To utilize this, please follow these steps::

1. Add the Shared Folder [Thai N-NER (resources)](https://drive.google.com/drive/folders/1Dy-360iZ9hIA-xA0yizSwmpM8sx6rrjJ?usp=sharing)  to Your Google Drive.
* first open the shared folder link in your web browser
* Click the folder named "thai-nner" at the top of the page.
* In the menu bar, click "Organize", then click "Add shortcut" to Drive (you may see an icon that looks like a Drive logo with a plus sign)
* Select "My Drive"


In [None]:
# Clone github
!git clone https://github.com/vistec-AI/Thai-NNER.git
%cd /content/Thai-NNER

# Mount your drive to Google Colab.

In [None]:
# Load data
from google.colab import drive
drive.mount('/content/drive/')

# Create symbolic links
!ln -s "/content/drive/MyDrive/thai-nner/lm" ./data/lm
!ln -s "/content/drive/MyDrive/thai-nner/checkpoints" ./data/checkpoints

# Inference

In [None]:
import json
import torch
import argparse
from tqdm import tqdm
from tabulate import tabulate

from utils.unique import unique
import model.loss as module_loss
import model.model as module_arch
import model.metric as module_metric
from parse_config import ConfigParser
import data_loader.data_loaders as module_data

PAD = '<pad>'

In [None]:
resume = 'data/checkpoints/1102_151935/checkpoint.pth'

In [None]:
args = argparse.ArgumentParser(description='PyTorch Template')
args.add_argument('-c', '--config', default=None, type=str, help='config file path (default: None)')
args.add_argument('-r', '--resume', default=f"{resume}", type=str, help='path to latest checkpoint (default: None)')
args.add_argument('-d', '--device', default=None, type=str, help='indices of GPUs to enable (default: all)')
args.add_argument('-f', '--file', default=None, type=str, help='Error')
config = ConfigParser.from_args(args)
logger = config.get_logger('test')

# build model architecturea
model = config.init_obj('arch', module_arch)
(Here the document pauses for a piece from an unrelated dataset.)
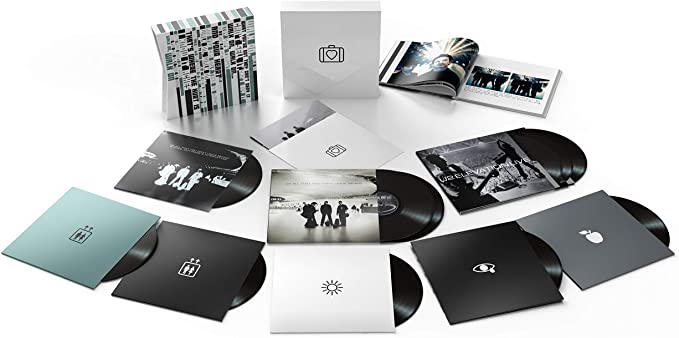 U2 - All That You Can¿t Leave Behind - Vinyl Record L.P. SET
# get function handles of loss and metrics
criterion = getattr(module_loss, config['loss'])
metric_fns = [getattr(module_metric, met) for met in config['metrics']]

logger.info('Loading checkpoint: {} ...'.format(config.resume))
checkpoint = torch.load(config.resume)
state_dict = checkpoint['state_dict']

if config['n_gpu'] > 1:
    model = torch.nn.DataParallel(model)

model.load_state_dict(state_dict)
layers_train = config._config['trainer']['layers_train']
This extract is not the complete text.